Community/Career Connections: Students will utilize localized climate data and news from their communities to learn more about what’s going on in their own backyard. Students will have access to various resources to understand the environmental justice history of their area and start to plan their Student Action Project.

Key objectives for students
Utilize design tools (e.g. online drafting tools) to assess their campus’s capacity and need for solar energy
Design a solar master plan to present to their district’s energy management team
Create a master plan for another building or campus in their community
Energy, Renewable energy, electrical energy, electrical generation process, energy transformation and energy transfer, renewable versus nonrenewable energy sources
Collaboration, Communication skills, Creative problem solving, Critical Thinking, Digital citizenship, Systems thinking
Curiosity, Optimism, Resilience
Brain-Based Learning, Design Thinking, Multi-Disciplinary, Multiple Intelligences, Project-Based Learning, Real-World Application, Technology Integration
Background information for teachers

For hundreds of years, humans have harnessed solar energy. Radiant solar energy can be captured as heat energy (usually referred to as solar thermal energy). Solar thermal energy is commonly harnessed through windows to warm homes. It is also used to cook food, dry laundry, and heat water for showers, dishwashers, and pools. Throughout the world, homes are built in a way that takes advantage of the sun’s warmth and light.

These days, we have the technology of solar photovoltaic (PV) panels, which convert light energy directly into electricity. PV panels are popping up on the roofs of homes, schools, businesses, and government buildings all over the world. This energy technology can help give electrical access to people living in remote areas, lower consumer electrical bills, and reduce humanity’s carbon emissions.

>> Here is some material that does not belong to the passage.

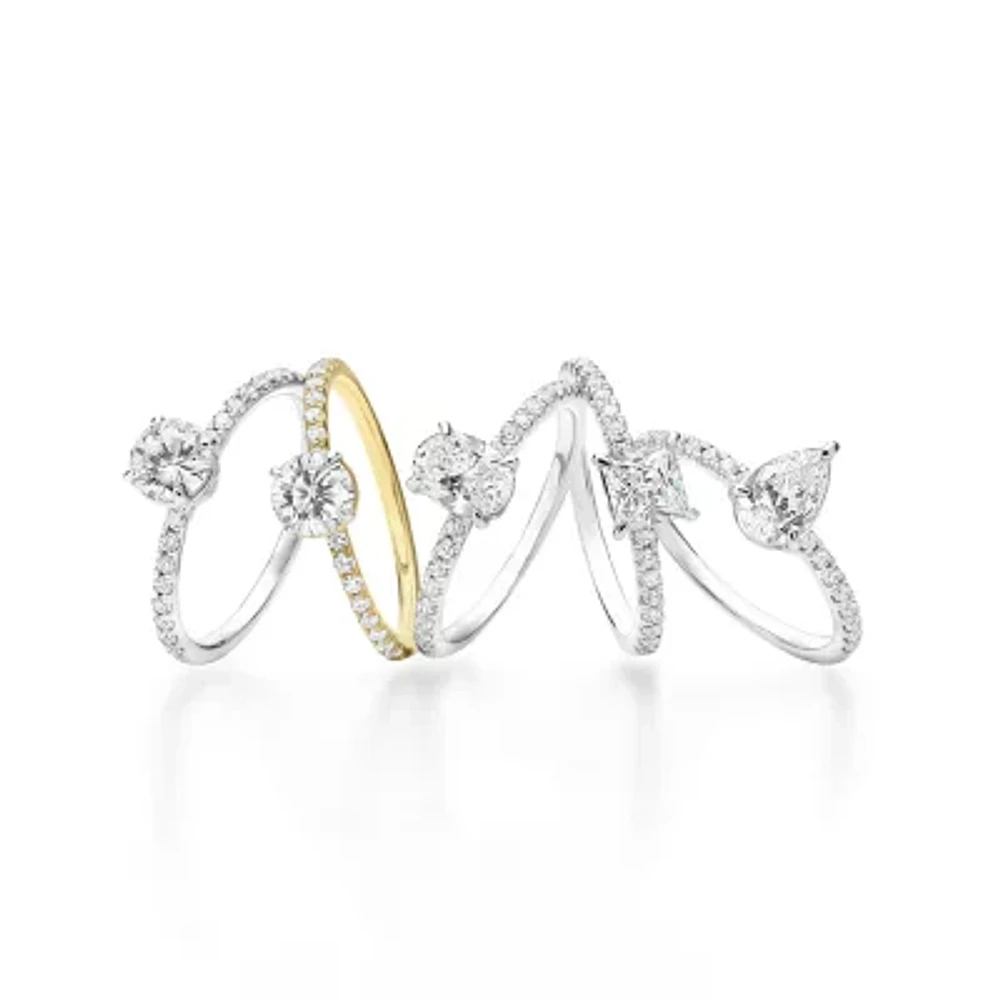 (G-H / Si1-Si2) Womens 1 CT. T.W. Lab Grown White Diamond 10K Gold Oval Side Stone Engagement Ring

Solar energy is a renewable resource. As long as the sun shines, we can continue to harness its energy. When sunlight is converted to electricity using PV panels, there is no pollution emitted. Solar energy is an important earth-friendly component of our power mix. Using solar power reduces our reliance on non-renewable resources and reduces greenhouse gas emissions. By using solar power, help ourselves and help the environment.

Read the Energy from the Sun text.

Materials needed
Key vocabulary
green building, Leadership in Energy and Environmental Design (LEED), master planning, silicon, solar photovoltaic (PV) cell, solar photovoltaic (pv) panel
Time Exercise Description
25 minutes Introduce
90 Minutes Investigate
45 minutes Debrief

Engage: The Solar Cell

Create a solar circuit by attaching the solar cell, motor, and propeller included in your toolkit. Place in a sunny area. Students should consider the following questions:

  • How does a solar cell convert the sun’s energy into electrical energy?
  • Do you think the solar cell uses the sun’s light or the sun’s heat? Cover part of the solar cell and see what effect this has on the propeller’s speed.
  • Why might it be important to carefully consider where solar panels are placed?

Discussion: How Our School, Community, and Family Are Currently Using Solar Energy
Think about and discuss the benefits of using sunlight to power up appliances, lights, and HVAC system on our school campus. (Answers will vary: decrease dependency on fossil fuels, reduce pollution, rely on a sustainable energy source, etc.)

For a school campus WITHOUT solar panel technology:

  • Survey the campus to identify areas where the installation of a panel or system would be ideal. Consider location and orientation (think north, northeast, east, and so on).
  • Conduct a campus survey or site visit. Write observational notes and questions. Later, work to design your own solar system plan, whether on school grounds, rooftops, and/or elsewhere.

For a school campus WITH solar panel technology:

  • Discuss your campus’s current use of solar technology. Identify what you already know, and what you would like to learn about this technology.
  • As a class, walk the campus and conduct a solar power survey. Identify where your school’s solar panels are and how they were installed. Identify the attachment method (rack, bracket) and the orientation (tilt, angle). Once you return to class, access the information you obtained regarding how much electricity is being generated by the system. If data is available for recent or past days/weeks, you can try to compare a sunny to an overcast day.
  • Instead of designing a solar master plan for your campus, research information on other locations in the community that would benefit from solar power. Each group can identify a non-solar building or campus somewhere in the community (e.g., shopping center, mall, high school, library, courthouse, etc.) that would benefit from having solar panels.
  • Tip: Contact your school’s energy manager to find out how to access data on how much energy is being generated by the panel(s). S/he should be able to share how you can track the amount of energy generated by the solar system. The solar power company that furnished and installed your system may offer an online dashboard where customers can view both energy consumption and solar energy production over time.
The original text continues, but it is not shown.